To the girl who made me believe
It's funny how the times when we need a miracle are when nothing but a miracle will do. Not planning, not strategy, not analysis, not a crutch for a Solution; just plain old-fashioned inexplicable convergence of favorable events.
That was you for me-, you happened to me at a time when the only thing that could save me from my flirtation with self-destruction was if the supernatural finally decided to reach out through the aching void and touch me.
Growing up, I always believed in miracles. It wasn't until I grew older that I learned three things about why the divine Intervene in our mortal lives.
The first was that you had to be in the worst situation to deserve a miracle. People who have experienced passible misfortune don't qualify for one. I didn't make the rules, it's just how it is. It took me years of misfortune in matters of the heart and dreams to understand that those misfortunes only served to make me more desperate for the bliss that I deserved.
The second is that no matter how much or how long you have hoped and prayed for a miracle, it's arrival is always a surprise. God's is the only one capable of surprising us with a gift that we have been asking for all our lives. Falling in love is such gift. The best kind of love slips Into our lives when we least expect it.
The third is that its arrival is all encompassing. It brings a unique brand of joy that's a mixture of relief and confidence all at once. Relief because of the changing tides: confidence because a miracle is the best proof that everything is going to be different from now on- and It's never wrong.
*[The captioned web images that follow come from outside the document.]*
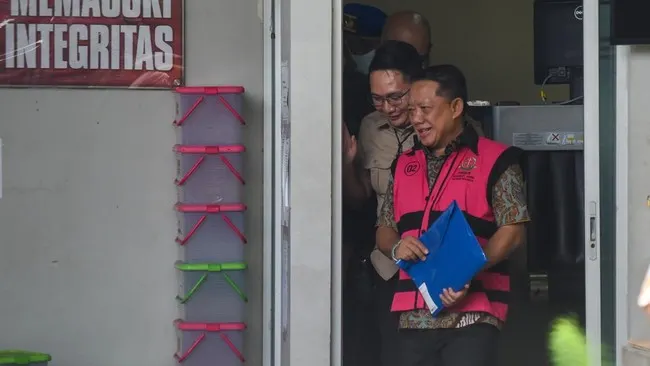 Kubu Febrie Adriansyah Nilai Proses Hukum Kasus TPPU Langgar Prinsip Fair Trial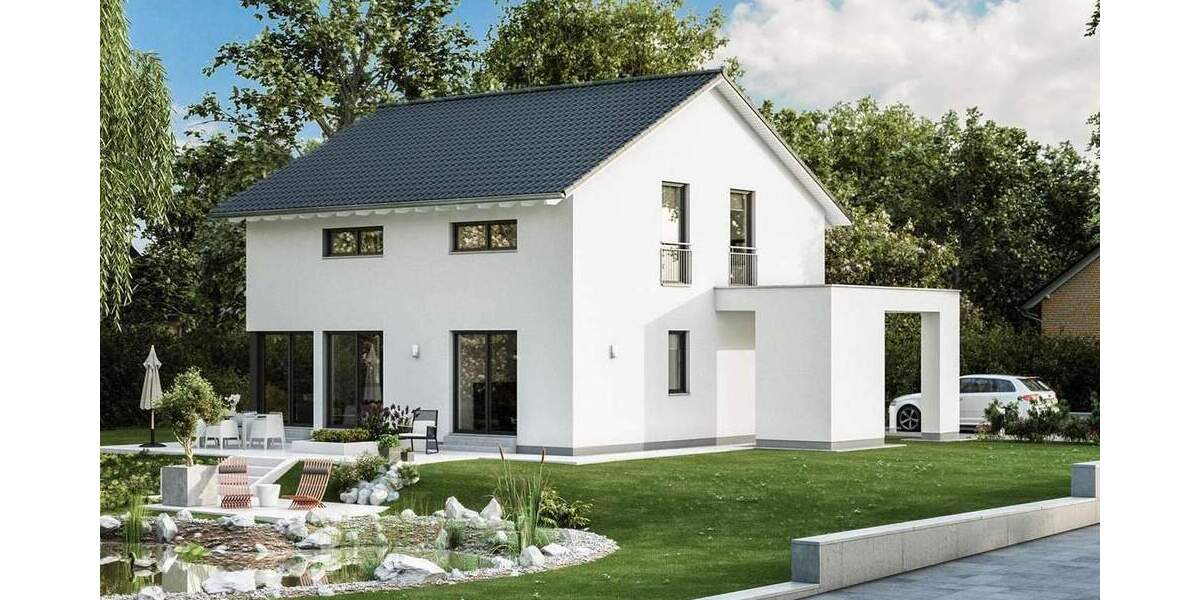 Einfamilienhaus Roetgen - 6 Zimmer, 125 m&sup2;, 418.950&euro; | Angebot:24843310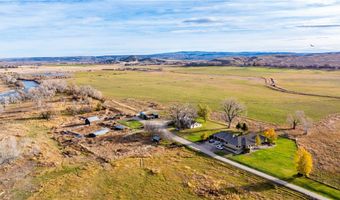 12 Westara Ln, Bridger, MT 59014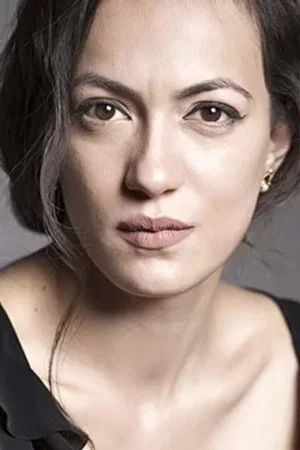  Mayra Hermosillo photo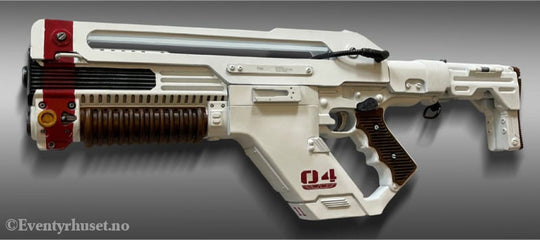 Alien: Romulus Model Life-Size Replica Pulse Rifle 71 cm Collectibles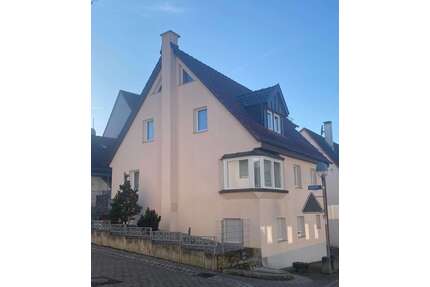 Haus zum Kaufen in Plochingen 579.000,00 € 142 m²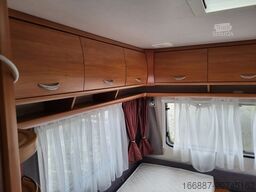 DETHLEFFS Beduin 510 V Einzelbetten - 34 (4)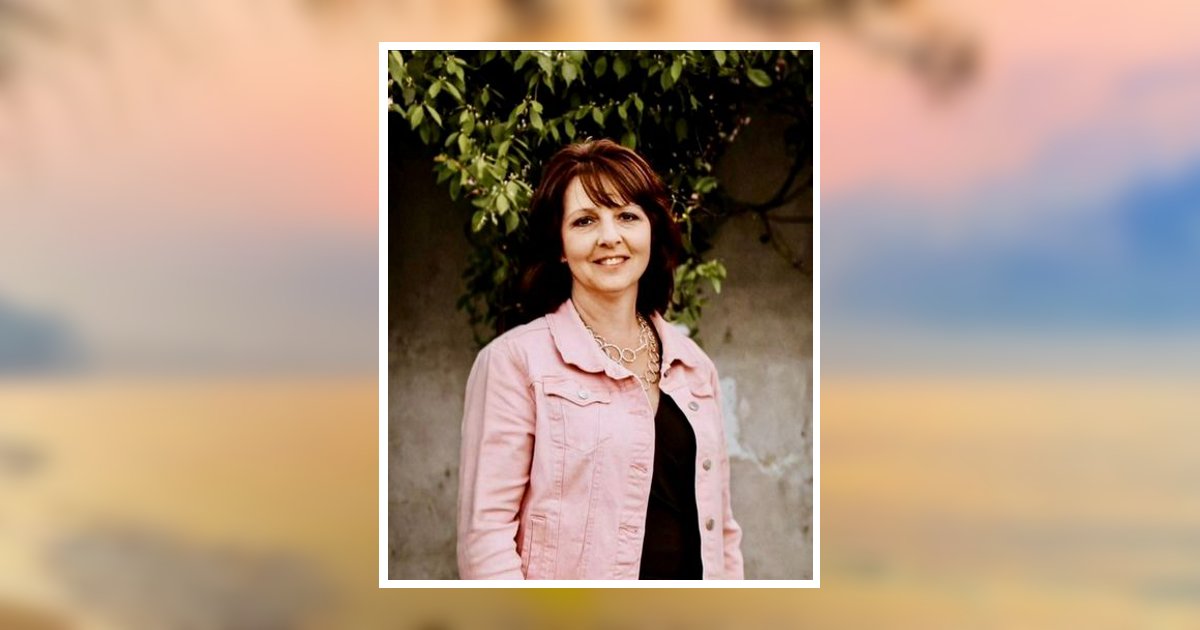 Kim Renicker Goudy Obituary, Dover, OH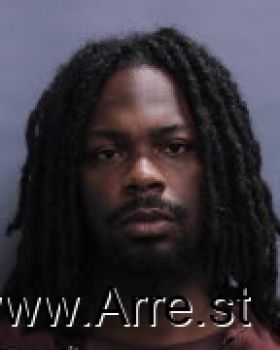 Lazhon Lamonte Boyce-hill Mugshot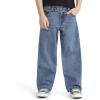 imageLevis Boys Baggy Fit JeansBlazing Blue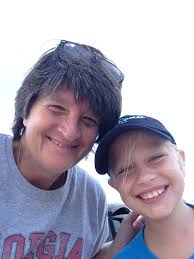 Lynn Roberts Mitchell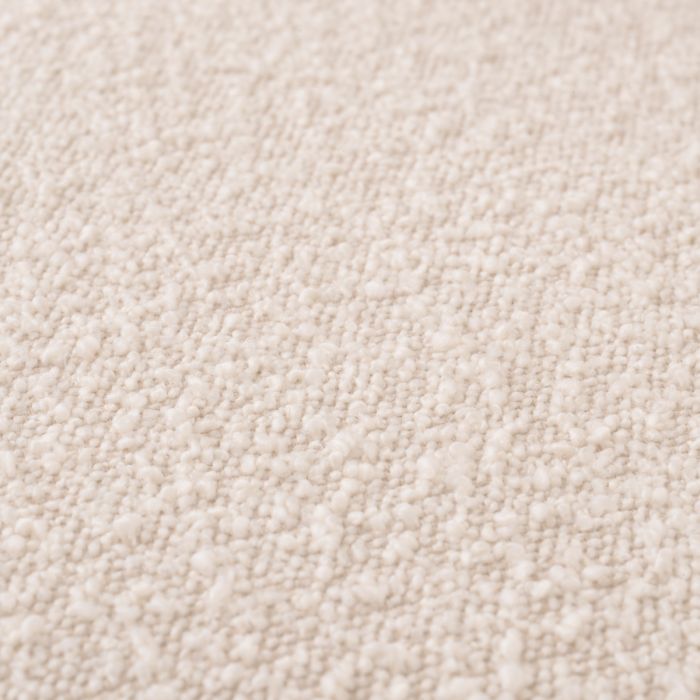 Bed Frame Sycamore Boucle cream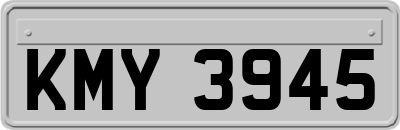 KMY3945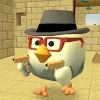 Взлом Chicken Gun 3.8.01 на Андроид (Мод Много Денег)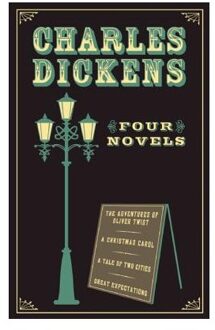 Charles Dickens - Charles Dickens
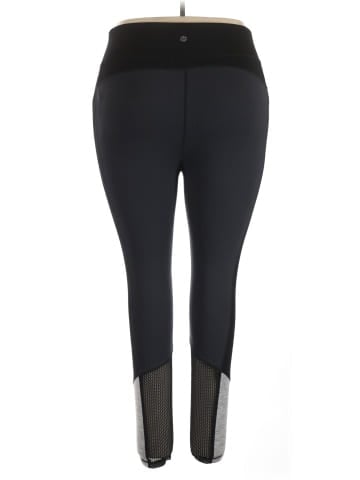 Tangerine Active Pants (view 2)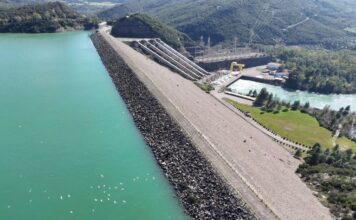 Οι Δήμοι διεκδικούν δικαστικά τα ανταποδοτικά για τα φράγματα του Αχελώου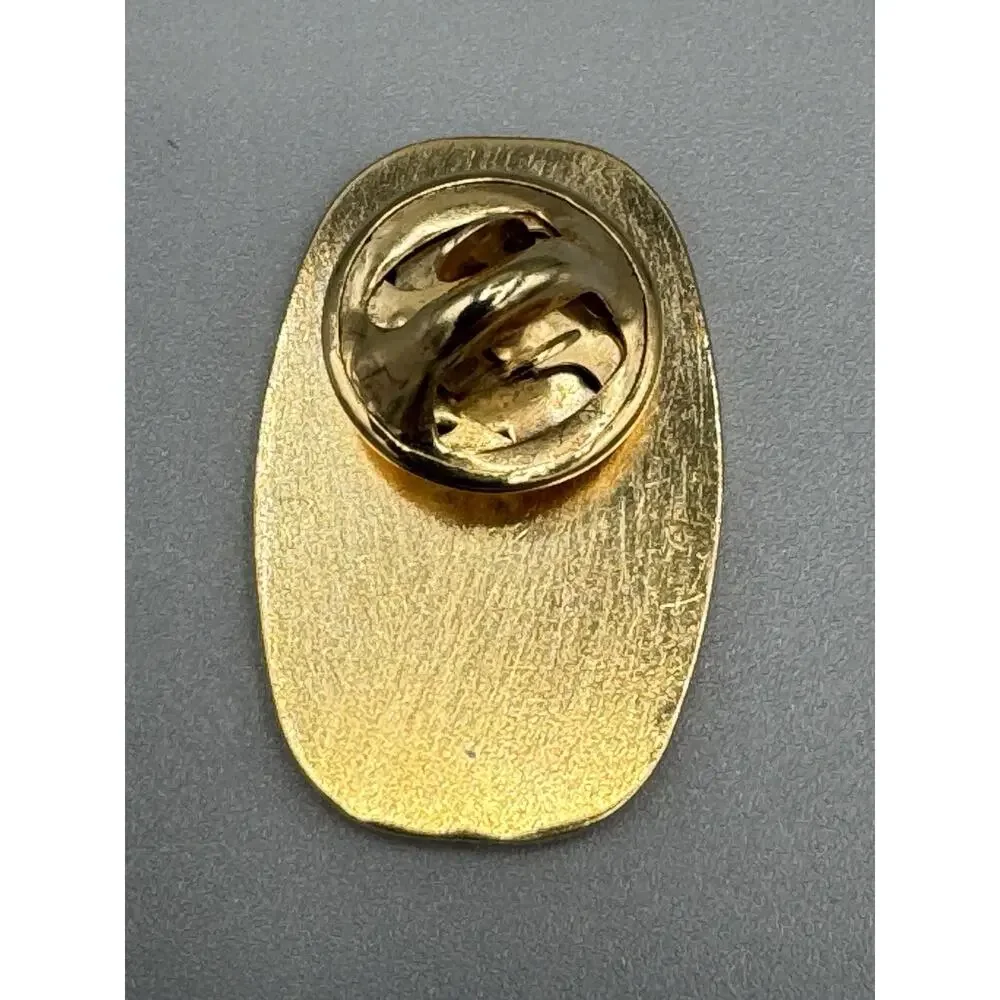 Vintage 2002 Farm‎ Credit PAC Lapel Pin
Meeting you had all the makings of a miracle.
The first day that I laid my eyes on you that I realized that all of the suns, moons, stars and galaxies exist just so that every human being could have the slightest chance at falling in love.
Finding you is one of the miracles that my ticking heart countdown to.
I am obsessed with miracles, I am obsessed with the idea that the supernatural can somehow clothe itself in the mundane and reach through the aching void to touch us.
It's how I knew I you and I were meant to be.
My love for you came at a time when I had no reason to love myself or anything at all... It comes from the same part of me that believes in God. It's the part that always hopes for a miracle no matter what; the part of me that believes I deserve the impossible: the only part that could ever believe I deserve you.